Plaintiff, who alleged an injury while skiing, claimed that defendants had improperly set the skis' bindings so that they did not release during her fall. Two weeks before trial, defendants served plaintiff with expert witness information pursuant to CPLR 3101(d). This information included the report of an expert who opined that the alleged failure of the bindings to release could not have caused plaintiff's injury. Instead of seeking an adjournment of the trial, plaintiff moved to preclude defendants' expert from testifying. The motion was denied, and, at trial, the jury found that, while defendants were negligent, their negligence was not a substantial factor in causing plaintiff's injury.

The Second Department found that plaintiff's motion to preclude had properly been denied, in Rowan v.
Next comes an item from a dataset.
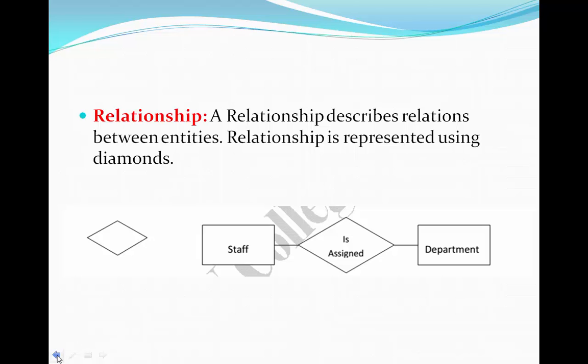In the previous class, we discussed the components of ER diagrams, including entity, weak entity, attribute, key attribute, and composite attribute. Today we are going to continue with that and discuss relationships — what a relationship means and what notation is used to denote a relationship.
Cross County Ski & Skate, Inc., which was decided on July 31, 2007. The court said that CPLR 3101(d)(1)(i) does not require a party to respond to a demand for expert witness information at any specific time, nor does it mandate that a party be precluded from oferring expert testimony merely because of noncompliance with the statute, unless there is evidence of intentional or willful failure to disclose and a showing of prejudice by the opposing party. The court found nothing in the record to support a conclusion that defendants' delay in retaining their expert or in serving their expert information was intentional or willful. Furthermore, disclosure of the expert information was not made on the eve of trial since plaintiff had two weeks within which to review the material prior to the trial date. Moreover, said the court, any potential prejudice to the plaintiffs could have been eliminated by an adjournment.